BGH, Urteil vom 19. Januar 2021 – 5 StR 291/20
Das Landgericht hat den Angeklagten wegen Diebstahls in zehn Fällen – unter Einbeziehung einer Strafe aus einem früheren Urteil – zu einer Gesamtfreiheitsstrafe von zwei Jahren und neun Monaten verurteilt. Zudem hat es gegen ihn die Einziehung des Wertes von Taterträgen in Höhe von 469.467,48 Euro angeordnet. Von einer Einziehungsentscheidung gegen die Einziehungsbeteiligten hat es abgesehen. Die mit der Sachrüge geführte Revision des Angeklagten ist unbegründet. Das auf die Verletzung formellen und materiellen Rechts gestützte, gegen die unterbliebene Anordnung einer Einziehung gegen die Einziehungsbeteiligten gerichtete Rechtsmittel der Staatsanwaltschaft hat ebenfalls keinen Erfolg.
Das Urteil
Die Revisionen des Angeklagten und der Staatsanwaltschaft gegen das Urteil des Landgerichts Chemnitz vom 11. Dezember 2019 werden verworfen.
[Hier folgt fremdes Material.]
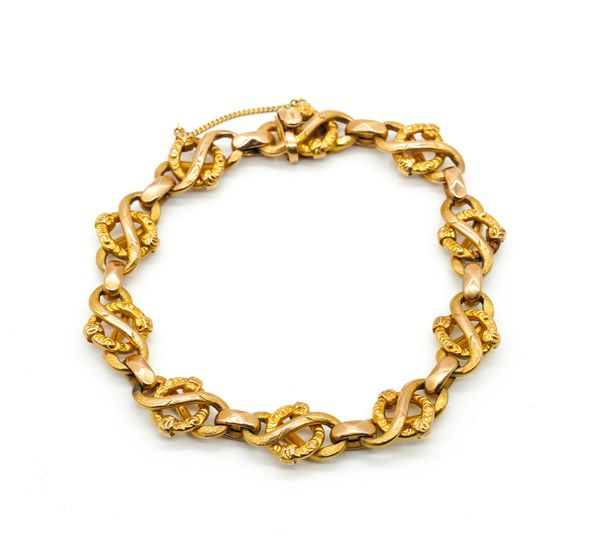 A GOLD BRACELET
Der Angeklagte hat die Kosten seines Rechtsmittels zu tragen. Die Kosten des Rechtsmittels und die den Einziehungsbeteiligten hierdurch im Revisionsverfahren erwachsenen notwendigen Auslagen werden der Staatskasse auferlegt.
Sachverhalt
- Von August 2014 bis Oktober 2017 entwendete der Angeklagte in zehn Fällen insgesamt rund 22.600 Gramm hochwertiges Edelmetall aus den Produktionsräumen seines Arbeitgebers, um sich durch die anschließende Veräußerung des Diebesguts eine nicht nur vorübergehende Einnahmequelle von einigem Umfang zu verschaffen. Er verkaufte die gestohlenen Edelmetalllegierungen in 148 Fällen an eine Vielzahl von Firmen, wodurch er insgesamt 469.467,48 Euro erlöste. In Höhe von 34.080,56 Euro wurde der Kaufpreis auf ein Bankkonto der Einziehungsbeteiligten überwiesen, die den Betrag in der Folge an den Angeklagten auskehrten.
Ausweislich der geständigen Einlassung des Angeklagten, die durch die Beweismittel in der Hauptverhandlung „vollinhaltlich untermauert“ worden ist, wurden die Edelmetalllegierungen „praktisch wie an der Börse“ gehandelt.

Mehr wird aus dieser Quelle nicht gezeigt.